Why would schools STILL use core reading programs?
- no research exists demonstrating that any core reading program actually improves reading achievement
- major finding of the What Works Clearinghouse
- so why are most schools still buying core reading programs?

Programs don't teach kids to read, teachers do.
Our best teachers teach every child to read.

Classrooms which experience more success and high student achievement have their students reading at least 3-5 times more than other classrooms.
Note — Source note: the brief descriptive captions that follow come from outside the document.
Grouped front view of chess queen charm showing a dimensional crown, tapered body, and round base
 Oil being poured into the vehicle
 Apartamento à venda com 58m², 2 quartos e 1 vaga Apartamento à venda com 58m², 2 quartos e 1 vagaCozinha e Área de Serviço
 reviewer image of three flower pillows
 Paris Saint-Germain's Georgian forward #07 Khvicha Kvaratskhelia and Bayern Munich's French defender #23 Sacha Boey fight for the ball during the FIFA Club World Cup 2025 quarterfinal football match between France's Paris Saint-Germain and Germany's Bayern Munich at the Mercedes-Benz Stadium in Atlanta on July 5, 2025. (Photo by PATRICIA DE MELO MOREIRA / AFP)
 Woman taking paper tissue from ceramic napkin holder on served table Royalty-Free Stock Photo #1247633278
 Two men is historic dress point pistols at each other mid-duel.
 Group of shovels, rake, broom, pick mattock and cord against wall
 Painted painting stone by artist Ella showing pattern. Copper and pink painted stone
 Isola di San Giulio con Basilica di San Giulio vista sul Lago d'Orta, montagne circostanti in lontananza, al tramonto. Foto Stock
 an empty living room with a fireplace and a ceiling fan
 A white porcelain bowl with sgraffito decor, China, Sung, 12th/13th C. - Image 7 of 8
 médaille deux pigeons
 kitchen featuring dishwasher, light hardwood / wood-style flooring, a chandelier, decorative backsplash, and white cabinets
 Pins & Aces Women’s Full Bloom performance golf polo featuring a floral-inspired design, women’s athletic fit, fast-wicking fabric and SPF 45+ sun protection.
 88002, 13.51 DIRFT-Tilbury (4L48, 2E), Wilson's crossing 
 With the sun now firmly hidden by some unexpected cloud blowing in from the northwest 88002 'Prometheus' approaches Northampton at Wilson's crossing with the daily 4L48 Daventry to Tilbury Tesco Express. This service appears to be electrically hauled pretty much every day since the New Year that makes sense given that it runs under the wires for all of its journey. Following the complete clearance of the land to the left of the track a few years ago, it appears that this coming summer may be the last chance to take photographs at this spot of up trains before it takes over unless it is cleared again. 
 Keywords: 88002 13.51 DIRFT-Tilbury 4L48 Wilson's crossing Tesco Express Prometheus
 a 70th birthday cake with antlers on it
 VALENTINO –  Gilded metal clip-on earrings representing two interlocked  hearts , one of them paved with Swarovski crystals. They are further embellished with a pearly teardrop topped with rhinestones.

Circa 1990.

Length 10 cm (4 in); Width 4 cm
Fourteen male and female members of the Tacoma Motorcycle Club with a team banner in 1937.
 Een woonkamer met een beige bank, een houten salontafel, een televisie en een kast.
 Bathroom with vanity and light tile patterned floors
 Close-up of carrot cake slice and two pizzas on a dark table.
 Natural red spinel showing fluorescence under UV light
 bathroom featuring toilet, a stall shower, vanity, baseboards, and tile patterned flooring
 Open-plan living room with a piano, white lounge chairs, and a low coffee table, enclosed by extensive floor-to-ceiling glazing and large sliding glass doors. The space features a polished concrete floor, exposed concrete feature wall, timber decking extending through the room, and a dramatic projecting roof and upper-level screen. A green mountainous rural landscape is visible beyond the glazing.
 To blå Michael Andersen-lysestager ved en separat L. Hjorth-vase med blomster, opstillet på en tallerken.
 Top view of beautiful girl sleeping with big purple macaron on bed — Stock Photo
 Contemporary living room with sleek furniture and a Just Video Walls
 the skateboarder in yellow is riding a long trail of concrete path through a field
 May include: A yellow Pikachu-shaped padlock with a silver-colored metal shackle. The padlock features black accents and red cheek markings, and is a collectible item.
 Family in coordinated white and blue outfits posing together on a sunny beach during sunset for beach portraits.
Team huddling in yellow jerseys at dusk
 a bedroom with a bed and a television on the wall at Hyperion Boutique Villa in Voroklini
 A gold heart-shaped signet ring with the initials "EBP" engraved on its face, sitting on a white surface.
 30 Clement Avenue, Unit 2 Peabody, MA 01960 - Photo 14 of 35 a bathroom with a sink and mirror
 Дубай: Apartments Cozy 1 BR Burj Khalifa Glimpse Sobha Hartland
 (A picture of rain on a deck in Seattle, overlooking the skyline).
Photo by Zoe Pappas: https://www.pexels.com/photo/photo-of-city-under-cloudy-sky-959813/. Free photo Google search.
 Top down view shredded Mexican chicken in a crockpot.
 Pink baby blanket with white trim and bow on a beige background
Reading Volume (amount of reading students are required to do)
- critical to reading success
- free voluntary reading activity is best predictor
- few schools have active programs fostering free voluntary reading
- some classroom teachers foster free voluntary reading but only some

Why so little reading in and for school?
- limited reading demands in schools (teachers not requiring it)
- few classroom libraries
- little use of school libraries
- no time in school day set aside for free voluntary reading

Here is what others were Tweeting during the day:

Jake Steinmetz @JakeJSteinmetz
Allington- One size fits all curriculum doesn't work well-more time kids are in school, the array of reading abilities broadens. #litsummit

Patrick Haney @phaney10
- We have been fed a test-prep diet for years, and we think it's nutritious. It's not. -Schmoker #litsummit
Allington- Any more than 2 hours of "test prep" instruction per year = decrease in standardized testing scores. #litsummit

Lee Heffernan @lee_heffernan
We don't do much reading and writing in school.  Not good. Let's change that.  #litsummit
Worksheets aren’t good. 50% of kid time  in K - 12 is spent filling out worksheets. Focus on reading and writing, please.  #litsummit
Unpacking EL's = finding texts, questions, tasks, writing extensions that can help us teach the EL  #litsummit
Write more grade less.  Schmoker #litsummit  http://t.co/ytHZMSCz

@embransteter
- Allington and Schmoker in the same day?!  #booyah  #litsummit
At the beginning of every meeting, review the same priorities and celebrate the successes - Schmoker #litsummit
Purposeful writing about reading is as close to a silver bullet in education as we have. -Schmoker #litsummit
83% of students surveyed said that discussion about interesting articles is their favorite part of school.  #litsummit
That's twice today we've heard that worksheets are not good for student learning.  I'm noticing a trend!  #litsummit

Mary Beth Riley @MBRileyNCE
Only 20-50% of students in college are ready and prepared for the rigor and volume of work. Solution? Less is more. Schmoker #litsummit
It's not programs that teach kids to read, it's people, as in teachers. - Allington #litsummit

Melissa Brisco @mgbrisco
If in Kindergarten you are still doing letter of the week, you are 40-50 years behind.... AMEN Richard Allington!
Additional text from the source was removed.